Après un mois de tractations, le couperet est tombé : le ministère de la Transition écologique et solidaire a annoncé une série de mesures (lire encadré) pour « améliorer la gestion des déchets de la construction et lutter contre les décharges sauvages, avant l'examen du projet de loi antigaspillage pour une économie circulaire au Sénat ». La méthode - acter des mesures avant un débat parlementaire - peut laisser songeur. Pourtant, pour Patrick Liébus, président de la Capeb, « ces décisions vont dans le bon sens, notamment sur l'augmentation nécessaire du nombre de points de collectes. En matière de gestion des déchets, il faut prendre des mesures radicales sinon le problème persistera ».

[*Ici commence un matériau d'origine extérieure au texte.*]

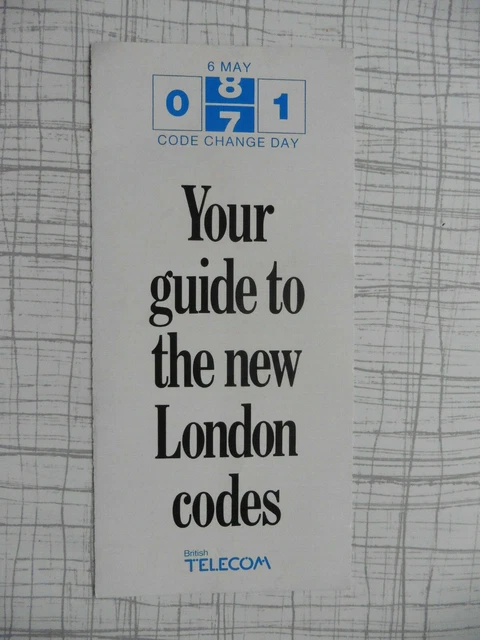 BRITISH TELECOM GUIDE TO THE NEW LONDON STD CODES - 6th MAY 1990 £6.99 ...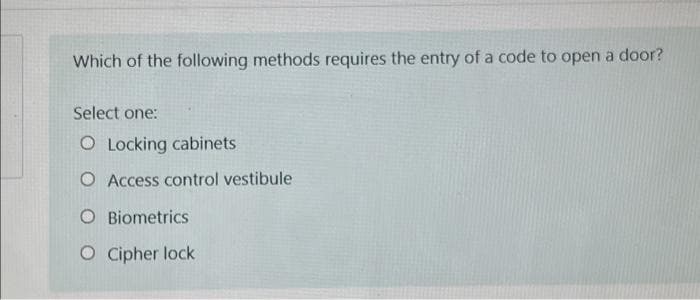 Which of the following methods requires the entry of a code to open a door?
Select one:
O Locking cabinets
O Access control vestibule
O Biometrics
O Cipher lock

Même son de cloche à l'Unicem. « Toutes nos carrières et nos plates-formes de recyclage sont à disposition : 3 000 carrières en milieu rural, des unités de production de béton en milieu urbain soit 1 500 installations dédiées au recyclage et à la valorisation des déchets inertes, détaille Christophe Jozon, président de la commission économie circulaire de l'organisation. Si nous pouvons aider à traiter des produits autres que nos matériaux inertes sur nos installations, nous le ferons. »

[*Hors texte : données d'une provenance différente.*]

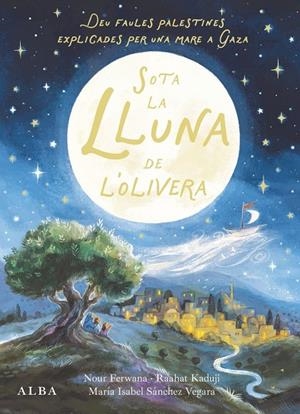 Sota la lluna de l'olivera | Sánchez Vegara, María Isabel / Ferwana, Nour | Llibreria La Figaflor - Abrera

Tensions autour du financement. Se pose toutefois une question : « Qui finance les points de collecte », demande Sophie Thomas, déléguée générale du Syndicat des tubes et raccords en PVC (STR-PVC), qui indique toutefois avoir des projets dans les cartons pour augmenter les lieux d'apport et améliorer le taux de recyclage des produits. Toutes les tensions sont cristallisées par la volonté du gouvernement d'instaurer une « reprise gratuite des déchets des professionnels en déchetterie, à condition qu'ils soient triés par grands flux de matière (ferraille, bois, gravats, etc. ) ». C'est ce que l'on appelle dans le jargon la responsabilité élargie du producteur (REP). « La gratuité, ça n'existe pas », oppose Franck Bernigaud, président de la Fédération du négoce de bois et des matériaux de construction (FNBM), qui estime que 80 % des points de vente de sa fédération se sont mis aux normes en nouant un conventionnement avec des interlocuteurs locaux (déchetteries par exemple) pour répondre aux obligations législatives en matière de reprise des déchets pour le négoce. Mais reprendre les matériaux de façon plus poussée, « c'est un vrai métier qui nécessite de recruter du personnel qualifié. Surtout qu'il est difficile, à première vue, de déterminer si une plaque est amiantée ou non ».

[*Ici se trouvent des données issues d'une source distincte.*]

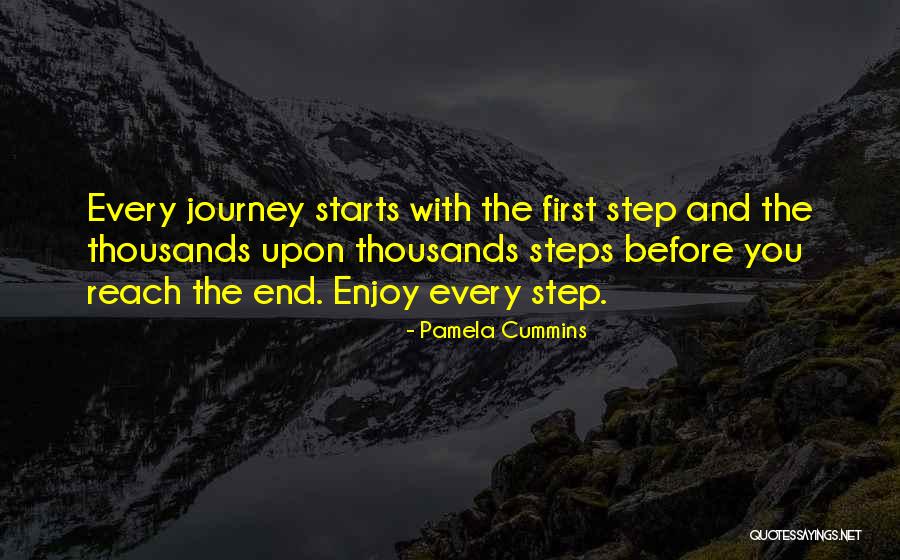 The First Step In A Journey Quotes By Pamela Cummins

Structure interprofessionnelle. Par ailleurs, la mise en place d'une REP « n'aurait pas de sens car le secteur du bâtiment se compose d'acteurs trop différents avec des problématiques bien particulières. Avec l'instauration d'un tel système, le risque, c'est qu'une filière jugée trop polluante paie davan-tage que les autres, et que les fonds soient captés par une filière spécifique », redoute un professionnel. Pour Jacques Chanut, président de la FFB, la position du gouvernement s'est assouplie. D'abord, le mot REP n'a pas été cité, contrairement aux communications de cet été. Ensuite, « nous militons pour la création d'un système interprofessionnel, qui s'occuperait uniquement des points de collecte et de financer des aides à l'innovation en matière de valorisation », indique-t-il. Pour mettre en place cette structure, « nous souhaitons également une contribution prélevée sur une assiette large de produits et matériaux, y compris ceux qui sont importés et vendus dans les grandes surfaces de bricolage aux particuliers, pour imposer ceux qui travaillent au noir et ceux qui réalisent les travaux le week-end », poursuit-il. Espérons que l'étude de préfiguration confiée à l'Ademe réussira à mettre tout le monde d'accord.